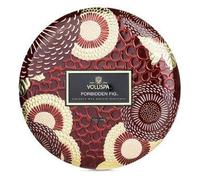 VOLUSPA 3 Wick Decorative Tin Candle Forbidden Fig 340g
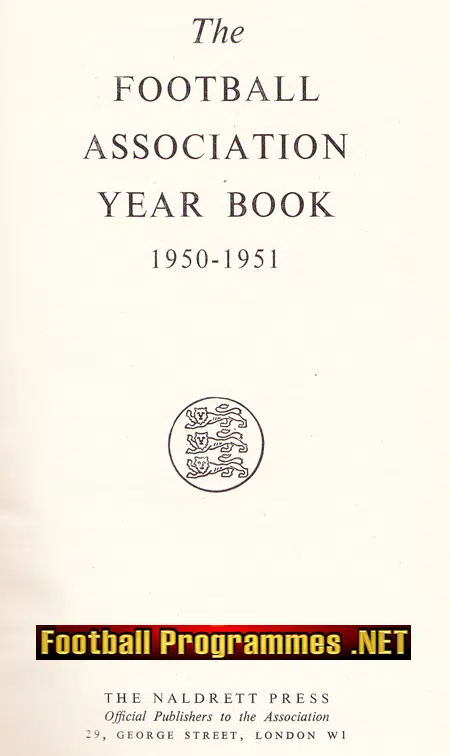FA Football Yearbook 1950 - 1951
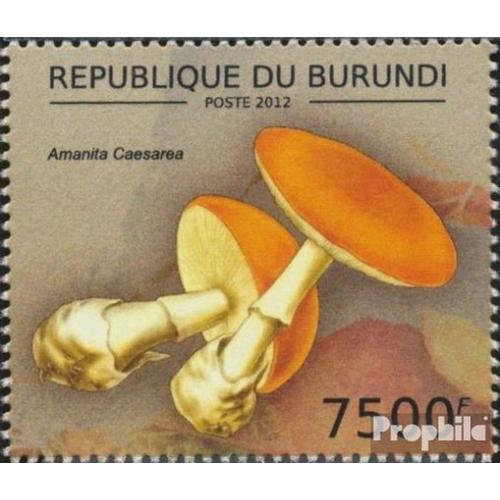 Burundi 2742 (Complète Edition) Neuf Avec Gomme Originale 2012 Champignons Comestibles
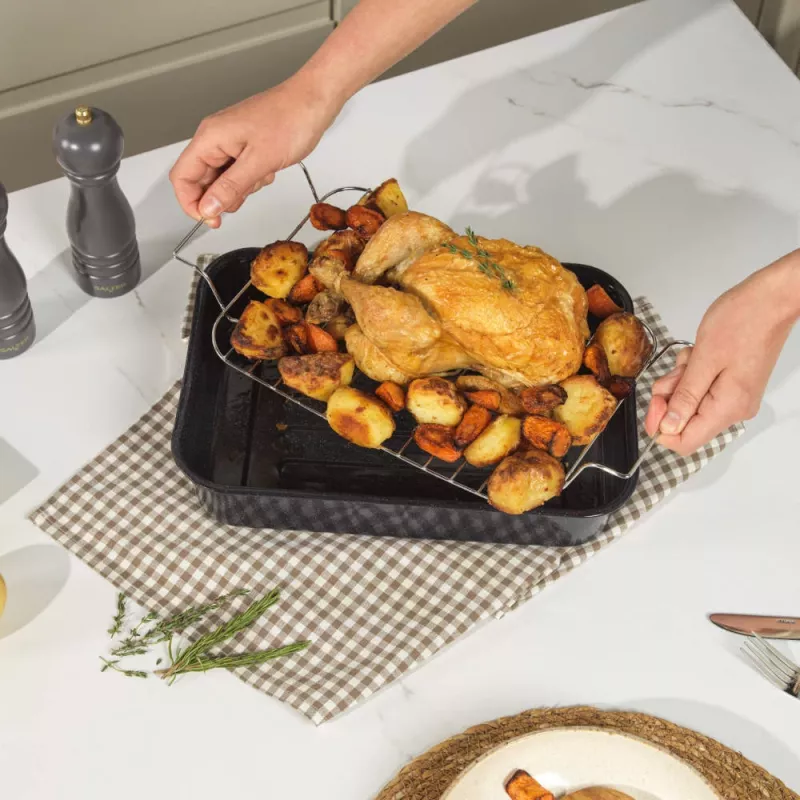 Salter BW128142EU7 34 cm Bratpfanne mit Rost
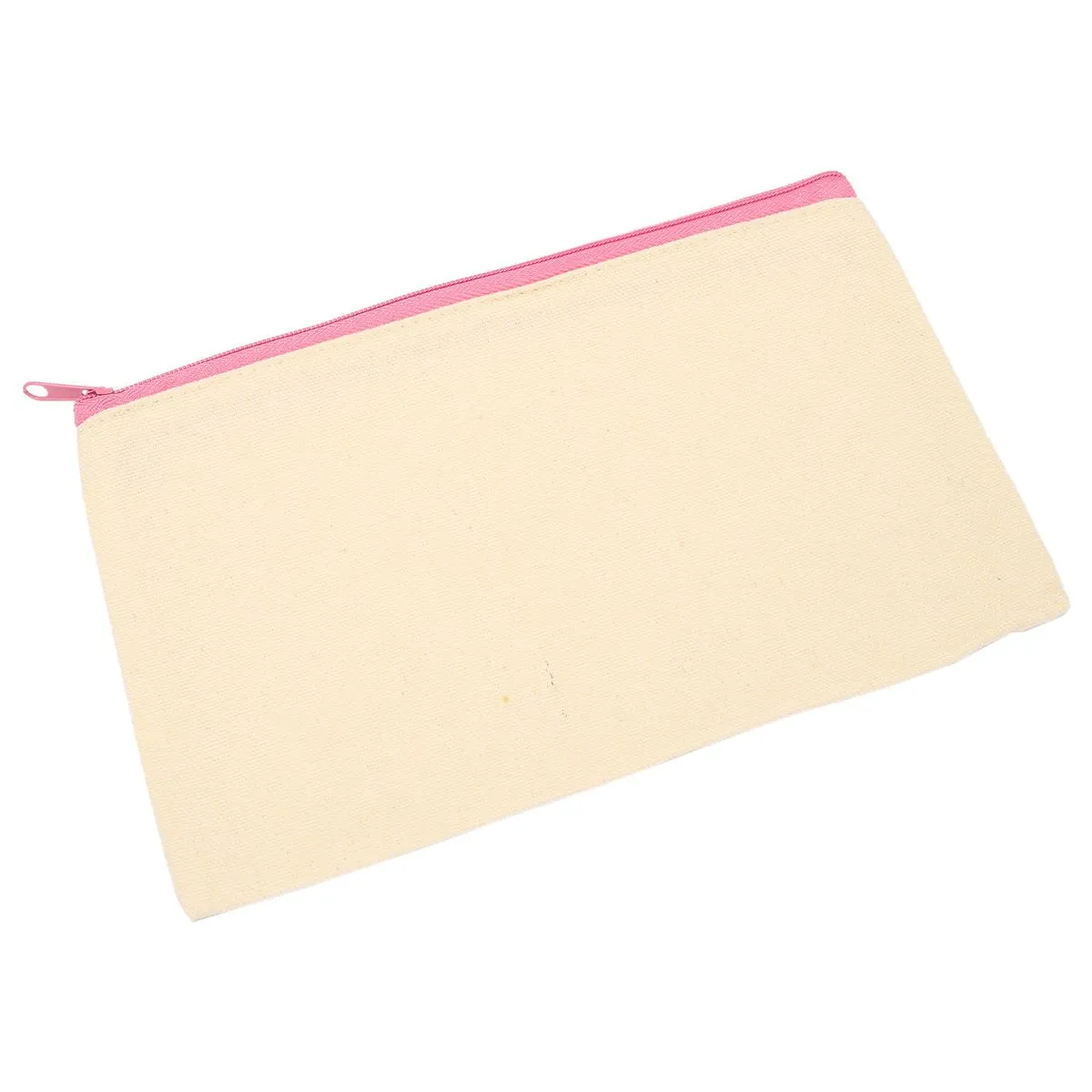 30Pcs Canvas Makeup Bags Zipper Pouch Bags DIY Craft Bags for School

* * *

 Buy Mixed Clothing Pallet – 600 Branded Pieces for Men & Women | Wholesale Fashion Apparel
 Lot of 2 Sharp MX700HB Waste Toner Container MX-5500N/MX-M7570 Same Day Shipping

▶ Problem description
All that should appear in the answer is the lines above from the line with "Salter BW128142EU7 34 cm Bratpfanne mit Rost" through the line with "30Pcs Canvas Makeup", retyped exactly, pictures left out.

▶ Problem solution
 Salter BW128142EU7 34 cm Bratpfanne mit Rost
 30Pcs Canvas Makeup Bags Zipper Pouch Bags DIY Craft Bags for School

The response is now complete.